During New York Fashion Week 2008, Rudy Nureyev Still A Fashion Influence

Nureyev's legacy apparently not only encompasses the world of dance, but of fashion as well. Last week, Stefano Tonchi, The editor of T: The New York Times Style Magazine, noticed how a New York Fashion Week show channeled Nureyev's style. In his post on T's "The Moment" Blog, (entitled "New York Fashion Week: What Is Wearable") Tonchi says:

At the Z Zegna show it was the nostalgic reference to Rudy Nureyev, the legendary ballet dancer, that made an impact. Those unwearable artistic gestures are what will bring me to the Zegna store on Fifth Avenue . . .
Above is a photo from Life Behind the Metaphor of Nureyev signing autographs backstage—and one of the Z Zegna model "channeling Rudy Nureyev . . ." included with Tonchi's post. Nureyev's fashion sense lives on!

Friday, February 1, 2008

Life Behind the Metaphor Photos Posted on Flickr.com for Review

We're sharing the unique photographs from Life Behind the Metaphor on Flickr.com. The book cover photo has already caught the attention of the Flickr group "Rudolph Nureyev." The group has incorporated some really interesting photos of the ballet great: check them out (including our contribution of "Nureyev: At the Barre") on Flickr. Thanks to "Rudolph Nureyev" Flickr Group Admin Guilia of Rimini, Italy for noticing the Nureyev Legacy Project!

Tuesday, January 22, 2008

International Theatre and Film Books to Offer Life Behind the Metaphor Exclusively in Amsterdam

We're pleased to announce that International Theatre and Film Books (ITFB) retail store will soon be carrying Life Behind the Metaphor for interested readers in Amsterdam. Life Behind the Metaphor examines Nureyev's collaboration with the Dutch National Ballet's long-time Artistic Director Rudi van Dantzig during the company's U.S. tour in 1978. And the historic book presents a significant photographic reference for admirers of Dutch ballet. Our partnership with ITFB is a wonderful opportunity to bring the book to the Netherlands. Look for Life Behind the Metaphor on the ITFB Web site soon. You can contact our new retail partner at:

International Theatre & Film Books
Leidseplein 26
1017 PT Amsterdam
(tel) 020-6226489
(fax) 020-6272148
(e-mail) info@theatreandfilmbooks.com
(web) www.theatreandfilmbooks.com

UPDATE: Life Behind the Metaphor is now available on the ITFB Web site. Take a look and order a copy!

Friday, January 18, 2008

The Dutch National Ballet's Friends Magazine Reviews Life Behind the Metaphor


More media news: The coordinator of the Friends Circle of the Dutch National Ballet, Wouter Hos, wrote about the book in the January issue of the DNB's Friends Magazine. Dutch readers can check out the article in PDF format here.

Tuesday, January 15, 2008

Dance Magazine Recommends Life Behind the Metaphor In Its December 2007 Issue

We're pleased to note that Dance Magazine included Life Behind the Metaphor in its article "Gift Ideas for Dance Lovers." Reviewer Kina Poon calls the book "beautifully produced," saying:

While Nureyev inevitably shines with his glorious ballon and charismatic looks, his sound bites are also pungent. Among other gems, there's Nureyev insisting that the photographer never crop out the stage floor from under his soaring jete. His quotations also reveal periods of darkness and his tumultuous relationship with [v]an Dantzig. Equally remarkable is [v]an Dantzig's unaffected prose. His musings on being airborne are framed by shots of dancers soaring off a diving board, arms out-stretched, toes pointed.
It's great to see that the dance community appreciates the quality and uniqueness of Life Behind the Metaphor!

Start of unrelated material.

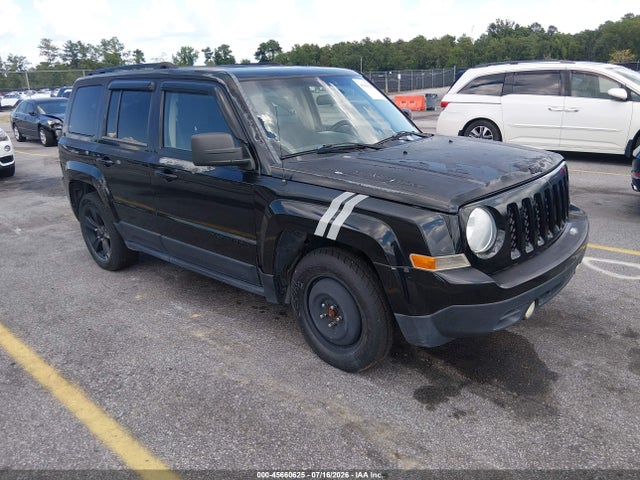 45660625 :رقم المزاد ، 1C4NJPBA2FD401987 vin ، 2015 Jeep Patriot Altitude Edition مزاد بيع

You can read the article in PDF format here.

Wednesday, November 28, 2007

Life Behind the Metaphor reviewed by Library Journal!

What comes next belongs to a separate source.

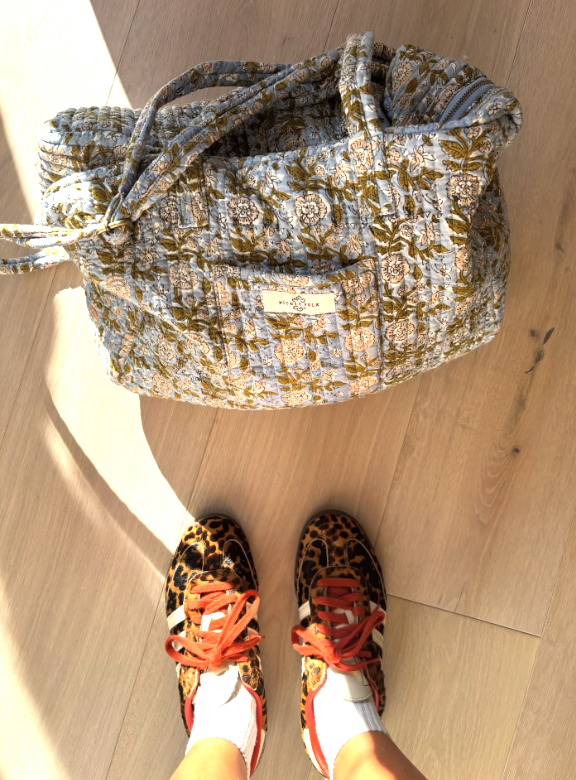 lightweight weekender bag for travel and everyday use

We just saw that, in September, Library Journal reviewed our book of photographs of legendary dancer Rudolf Nureyev, Life Behind the Metaphor:

Rudolf Nureyev leaps off the pages in this stunning collection of 80 black-and-white photographs from a 15-year period during which he toured the United States with the Dutch National Ballet (DNB). Drawn from the archives of the New York Public Library for the Performing Arts, the pictures chronicle the legendary dancer in such ballets as Le Corsaire, Four Schumann Pieces, and Afternoon of a Faun. Van Dantzig (former artistic director, DNB) allowed Urban to photograph Nureyev and company members on and off stage, and because Nureyev's contracts prohibited performance photos, many of these images are not only unique but also rare. In this coffee-table art book, the photographs are printed on archival-quality paper, and the text includes comments from van Dantzig, Nureyev, and Urban. Anyone who saw Nureyev dance will relive the experience with these photographs; those who didn't will wish they had. Highly recommended for dance and performing arts collections. [There will be an exhibit of selected materials from the NYPL collection at Lincoln Center this fall.—Ed.]—Carolyn M. Mulac, Chicago P.L.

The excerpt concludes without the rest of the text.